Empêcher une automutilation
L’UE pourrait empêcher que la Catalogne ne se sépare de l'Espagne, estime El País :
«C’est grâce aux efforts des Catalans que la Catalogne est grande aujourd’hui. Mais aussi parce qu’elle est ancrée dans une Espagne libre et digne. Si la démocratie y est remise en question, l’UE devrait se pencher de plus près sur son cas, comme elle a dû le faire avec la Pologne ou la Hongrie. L’UE empêcherait une sécession qui bouleverserait (pour la première fois !) les frontières de 1945 dans ce qui est aujourd'hui l'UE (abstraction faite des changements découlant de l’implosion de l’Union soviétique et de la Yougoslavie). Jamais la Catalogne n'avait été aussi prospère. Elle ne sortirait pas grandie d'une automutilation, elle qui constitue une partie importante de l'Europe.»
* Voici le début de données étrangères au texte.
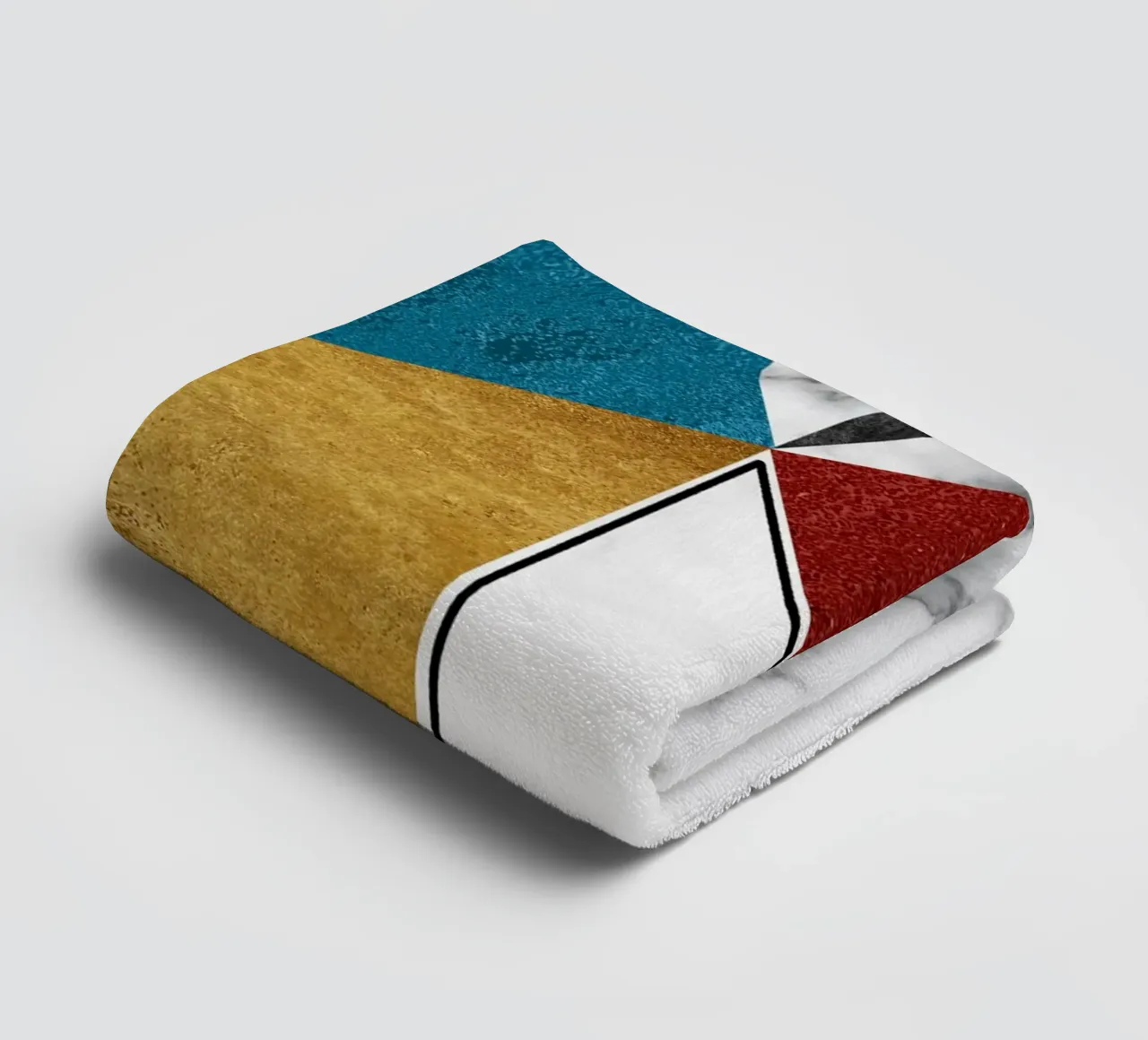 abstract art geometric triangles asciugamano da bagno da vintageshop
Espérons que la raison l'emporte
Màrius Carol, rédacteur en chef de La Vanguardia, envisage l’avenir avec inquiétude :
«L’adoption des lois sur le référendum d'indépendance par une majorité au parlement régional, a fait monter les enchères cette année pour la manifestation marquant la fête de la Catalogne. L’appel à manifester tenait lieu de mobilisation pour le oui le 1er octobre, dans le cadre d’un référendum sur l’indépendance que le gouvernement central attaquera devant le Tribunal constitutionnel, pendant que le Parquet traînera en justice tous les membres du gouvernement catalan. On règle ici un problème politique au tribunal. Les gens qui sont descendus dans les rues ont vécu la journée de l’indépendance comme une fête pacifique. Mais à l’horizon, on voit beaucoup de menaces et peu de visages souriants. Espérons que la raison finisse par s’imposer.»
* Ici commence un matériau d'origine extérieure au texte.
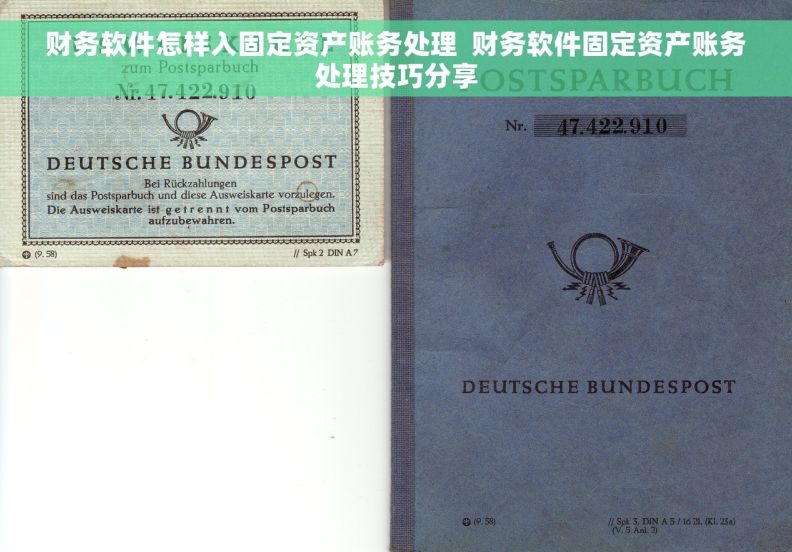 财务软件怎样入固定资产账务处理  财务软件固定资产账务处理技巧分享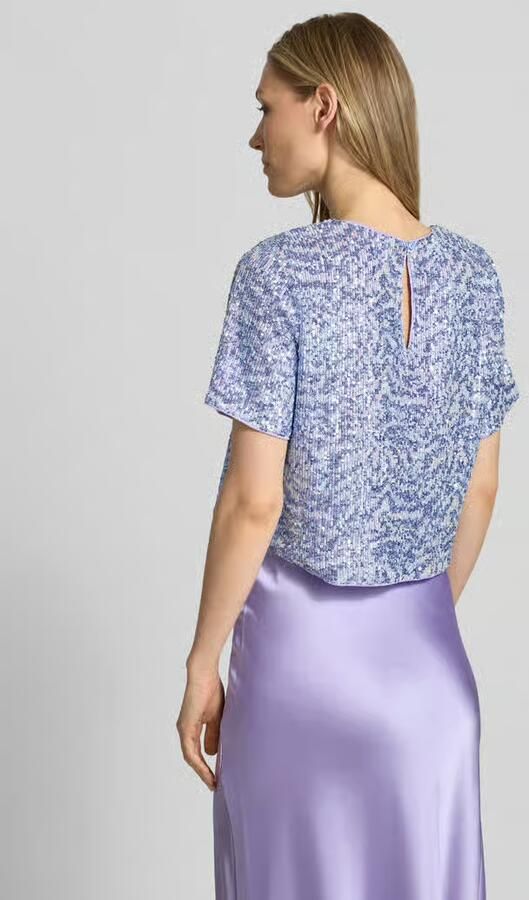 GUIDO MARIA KRETSCHMER WOMAN Kort T-shirt met pailletten model 'Dine'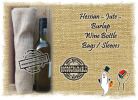 Burlap, Hessian, Jute, Decor, Wine, Bottle, Gift, Bags, Sleeves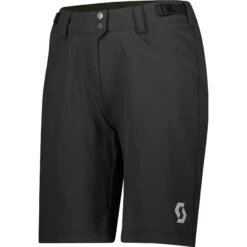 SCOTT Trail Flow W/ Pad Damen-Shorts Mit Sitzpolster - Black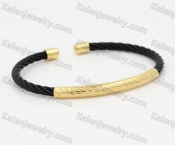Stainless Steel Wire Cable BangleKJB850078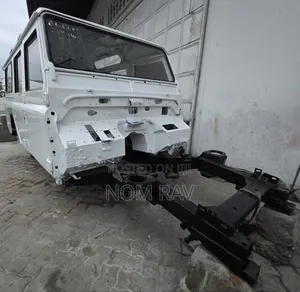 Land Rover Puma Body With Chassis and Number Plate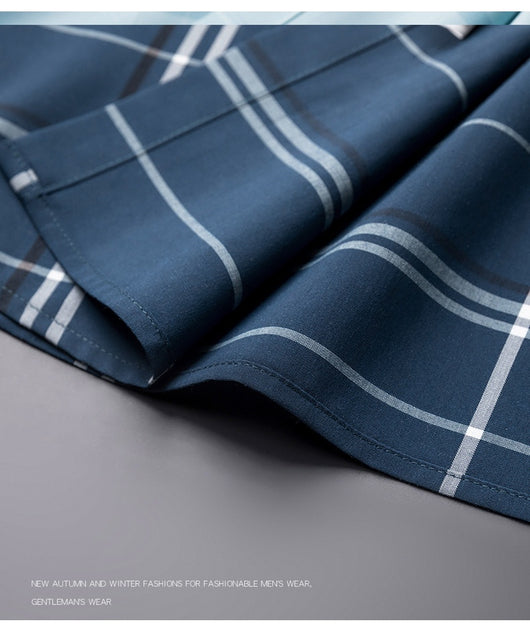 Camisa a Cuadros Manga Corta Moderna para Hombre y Mujer - Image 20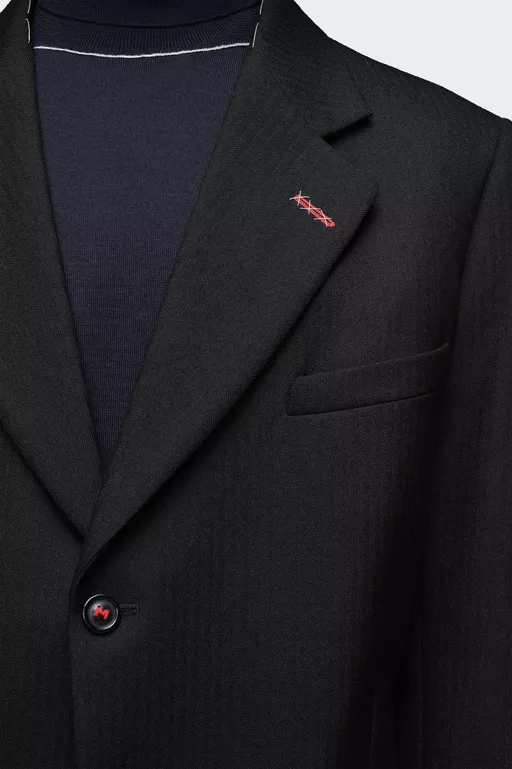 Herringbone wool jacket - Jackets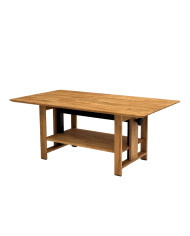 Ława C-23, płynna regulacja wysokości, dąb lity olejowany, SIUDY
L'UE doit renoncer aux Etats-nations
Les Etats-nations comme entités constitutives et décisionnelles de l’UE ont fait leur temps, estime Wiener Zeitung :
«Corollaire du Brexit, l’idée d’une nationalité européenne est de plus en plus d’actualité. Elle faciliterait considérablement la libre circulation des personnes, un pilier de l'UE. Mais elle entraînerait aussi à sa suite des normes de politique sociale et fiscale qui auraient cours partout, et pas seulement dans un seul Etat-nation. Il faudrait aussi définir une péréquation financière, qui priverait de leur pouvoir les entités existantes. Tourner la page des Etats-nations, majoritairement bien plus récents que la plupart des régions qui ont aujourd’hui soif d’indépendance, consoliderait la cohésion interne et la position internationale de l'UE.»